The award recognises the outstanding dedication of a local NSW woman has made to her community.

This year, four finalists were nominated for this award, which forms part of the NSW Women of the Year Awards.

The winner

Shirley Smith

Uniting Care Transport team volunteer, Shirley was nominated for her continued work helping develop a volunteer network to provide convenient and affordable transport in her rural area. Seeing the need in 1999, Shirley started providing transport for the elderly and sick who could no longer drive, requesting those using the service to make an affordable donation to cover the cost of fuel.

Since 1999 over 85,700 trips and 2,600 plus people have been assisted across the Lismore, Casino, Richmond Valley and Kyogle region. The Uniting Care Transport Team volunteer drivers are instrumental in transporting medical patients to nearby hospitals and medical centres for dialysis, cancer treatment and a range of services involving outpatient care.

Shirley were nominated for the Community Hero Award.

The finalists

Dr Astrid Perry

Astrid was nominated for her ongoing advocacy for social justice. A strong, unwavering advocate for women of culturally and linguistically diverse communities, she has been instrumental in the advancement of their wellbeing through the support of Settlement Services International.

Astrid’s passion for helping others is evident in the number of advisory boards she has held positions on, including:

  • Australian National Council of Refugee Women
  • National Program Group of Resettlement
  • Department of Human Services, and
  • NSW Police Advisory Council on Ethnic Communities.
Mary-Jo McVeigh

Trauma therapist and mental health social worker, Mary-Jo is nominated for her continued work and dedication to provide specialist trauma assistance services for children and families.

Mary-Jo built Cara House in 1994, which offers a safe place for children, adults and families to heal from the impact of trauma and abuse.
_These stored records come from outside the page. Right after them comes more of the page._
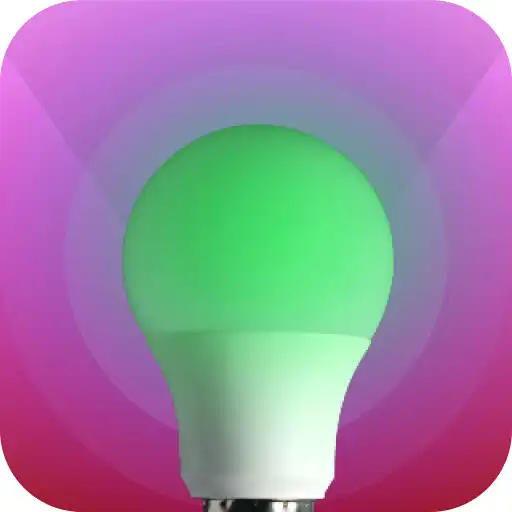 Play Hue Light App Led Control APK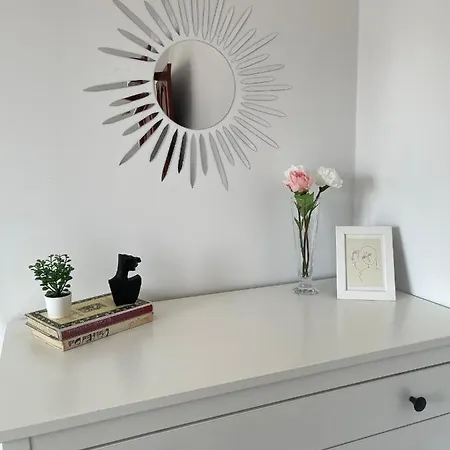 Apartment Atico 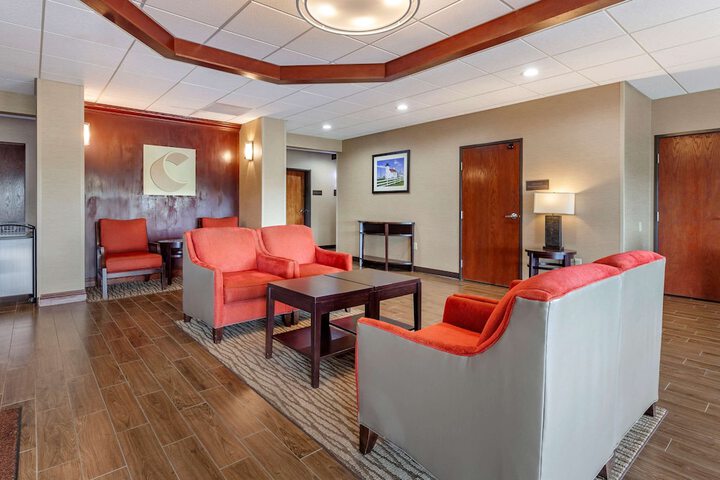 Hotel Interior 2 of 22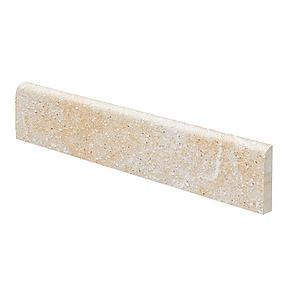 Клинкерный плинтус Stroeher KERAPLATTE ROCCIA/керамическая плита Рочча/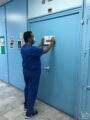 صحة المدينة المنورة تغلق مستشفى خاص لمخالفته اجراءات طبية ووقائية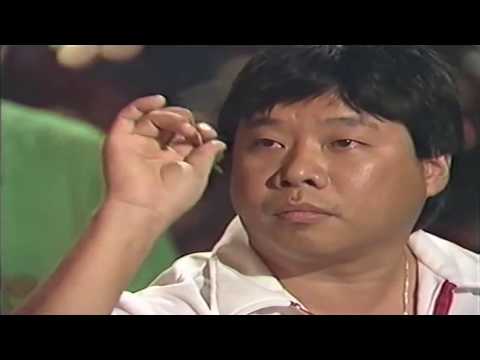 Paul Lim 9 Dart Finish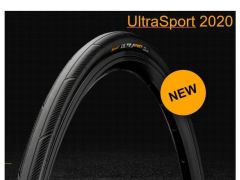 Predám dva plášte continental ultra šport 28 mm e25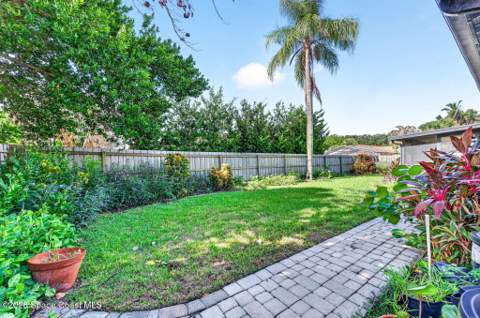 405 Tortoise View Circle, Satellite Beach FL - photo 24 of 26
She also set up CaraCare in 2016 based of her knowledge and experience spanning child-protection, trauma therapy, clinical supervision, management training, leadership coaching, facilitation and professional self-care. Based in Concord, hundreds of families have benefited from the team of trauma therapists at Cara House and CaraCare.

Mary-Jo’s dedication also benefits other professionals. Passionate about sharing her knowledge and building up their skillsets, she provides training and support, ensuring the transfer of these much-needed skills to assist local communities.

Mary-Jo were nominated for the Community Hero Award.

Theresa Mitchell

Founder of Agape Outreach, Theresa is nominated for her dedication to helping the homeless and needy. No stranger to volunteering, she commenced a project in 2009 cooking a meal with her family and offering it to the homeless on the street.

A decade on, the Agape Outreach organisation serves nearly 10,000 meals to the homeless every year in the Byron Shire, Tweed Shire and Gold Coast regions. With over 70 volunteers and an established venue for the coordination of the various services offered, the organisation has proved itself a powerhouse for supporting those in need. Not only supplying food hampers from rescued foods to the homeless, it houses an op shop and provides a range of free training classes in cooking, budgeting, life coaching and relationship management.

Theresa has a simple and honest philosophy she lives by, “It’s up to us, individually to make the decision to help others and then actually do it, without any expectations of return.”

Theresa were nominated for the Community Hero Award.



Our CEO, Deanne Stewart, paid tribute to the finalists:

“The finalists are to be congratulated. They are an exceptional, enterprising group of women whose work and contribution benefit communities not only locally, within NSW, but nationally.”